Uncategorized

Apple, Anthropic, and other companies used videos on YouTube to train their machines

An Interactive Tool to Find Your Content in a News-Focus Dataset and Explain Its Implications for the Data-hungry AI Models

Tech companies are using controversial methods to feed their data-hungry artificial intelligence models and are often unaware of what they’re doing.

Some clips from news sources like ABC News and The New York Times can be found in the dataset. More than 100 videos from The Verge are included in the dataset.

Proof News created an interactive tool as part of its investigation. You can use its search feature to see if your content — or your favorite YouTuber’s — appears in the dataset.

She told The Wall Street Journal that the data was publicly available or licensed, but she did not want to give any more details. When pressed by the Journal about YouTube content specifically, Murati said she “wasn’t sure about that.”

“We have terms and conditions, and we would expect people to abide by those terms and conditions when you build a product, so that’s how I felt about it,” Pichai said.

The David Pakman Show: When AI Companies Pay to Promote Artificial Intelligence (Research Paper) Thousands of YouTube Videos and How They Can Be Used for Training AI

Proof News also found material from YouTube megastars, including MrBeast (289 million subscribers, two videos taken for training), Marques Brownlee (19 million subscribers, seven videos taken), Jacksepticeye (nearly 31 million subscribers, 377 videos taken), and PewDiePie (111 million subscribers, 337 videos taken). Some of the material used to train AI also promoted conspiracies such as the “flat-earth theory.”

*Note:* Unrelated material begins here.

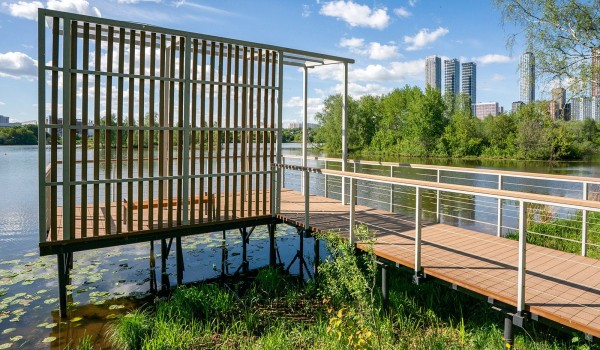 Прогулочные тропы обновили в парке «Москворецкий»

David Pakman, host of The David pakman Show which has more than 2 million subscribers and more than 2 billion views, said that no one had asked him to use it. Nearly 160 of his videos were swept up into the YouTube Subtitles training dataset.

Four people work full time on Pakman’s enterprise, which posts multiple videos each day in addition to producing a podcast, TikTok videos, and material for other platforms. If AI companies are paid, Pakman said, he should be compensated for the use of his data. He pointed out that some media companies have recently penned agreements to be paid for use of their work to train AI.

“This is my livelihood, and I put time, resources, money, and staff time into creating this content,” Pakman said. “There’s really no shortage of work.”